Op-Ed: Out-of-Touch Federal Policies Will Not Deter Growth of Clean Energy
Source: By Ernie Shea, 25x25 • Posted: Thursday, March 30, 2017
As had been expected, one of the initiatives the White House’s executive order aims to undo is the Clean Power Plan (CPP), a key element of the Obama administration’s plan for meeting carbon emission reduction targets expressed under the international climate agreement reached in Paris in December 2015.
The CPP calls on states to develop strategies to reduce specific amounts of carbon emissions from existing – mostly coal-fueled – and new power plants. The move was expected to drive the expanded development of clean energy alternatives, including wind, solar, biomass and other technologies.
The president’s executive order puts the CPP “under review,” a first step toward what is expected to be the dismantlement of the rule. The review is also expected to lead to an end of the government’s defense of the plan in federal court, where more than two dozen states had filed a lawsuit to stop its enforcement.
At the heart of the White House order, which also lifts a moratorium of coal leases on federal lands and ends a standing directive to federal agencies to factor in the social cost of carbon in setting new regulations and approving projects, is the president’s campaign promise to turn back regulations he said were sending the coal industry in decline.
However, industry analysts have been relatively unanimous in their assessment, as expressed by a recent report from the Institute for Energy Economics and Financial Analysis, that the U.S. coal industry is not on a path to recovery in the short or the long term, due to market dynamics unrelated to regulation. The institute and other mainstream analysts also point out that the industry will continue to suffer from declining demand, low prices, and its inability to compete with natural gas and renewable energy. Even a major CEO in the coal industry acknowledges that coal mining jobs cannot recover to pre-Obama numbers.
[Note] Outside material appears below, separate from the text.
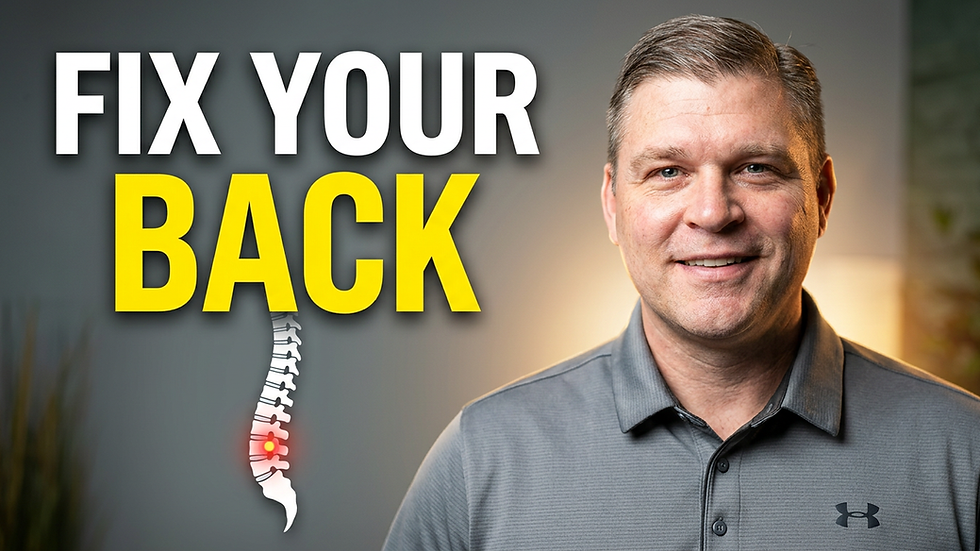 Sciatica Is Not Always a Leg Problem: 7 Reasons the Source May Be Somewhere Else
In its efforts to boost the coal industry and other fossil fuel development, the White House is missing the reality of a sector fast making the transition to cleaner, renewable alternatives that customers are demanding. The White House strategy should focus instead on the example of Texas under Gov. Rick Perry and consider the opportunity for U.S. leadership to grow an industry that can bring America and other nations the benefits of clean energy.
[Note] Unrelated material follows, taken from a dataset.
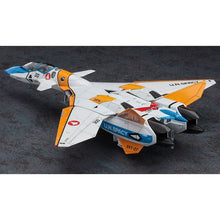 Load image into Gallery viewer, Hasegawa 1/72 Macross Plus VF-11D Thunderbolt SVT-27 Bluetails 65869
DOE data shows clean energy jobs currently outnumber all fossil fuel jobs in this country by a margin of 2.5:1. Federal Energy Regulatory Commission numbers for 2016 show that for the second year in a row, new renewable electrical capacity exceeded that from gas, coal, oil and nuclear combined, and almost one-fifth of the nation’s total generating capacity now comes from renewables.
The sheer economics of the move to clean energy would seem to render the White House efforts moot. Yet this order is costing the administration the opportunity to further a lower-carbon economy that not only produces cleaner energy, but is driving explosive economic growth, especially in rural America where the large majority of wind farms, solar facilities and biomass-fueled power plants are located, creating jobs and generating tax revenues to help maintain schools and build roads.
The White House strategy also represents an abdication of the U.S. leadership role in the world, costing America the ability to help guide other nations toward the future benefits of clean energy and creating a void that could be filled by other world powers hurting the American economy.
Still, on the home front, states are continuing to take a leadership role through Renewable Portfolio Standards, tax credits and other policy mechanisms that are helping to continue to push the domestic growth of clean energy. And corporate America remains a significant proponent of renewable energy development, setting their own clean energy targets, with most building their own renewable power sources or entering into long-term Power Purchase Agreements from clean energy providers.
Even if federal policy does ignore the reality in the marketplace, states, corporations and advocates across all geographical and political spectrums, like 25x’25, will continue to pursue the clean energy goals that can create jobs, boost our economy, enhance our national security, and make our world a better place to live.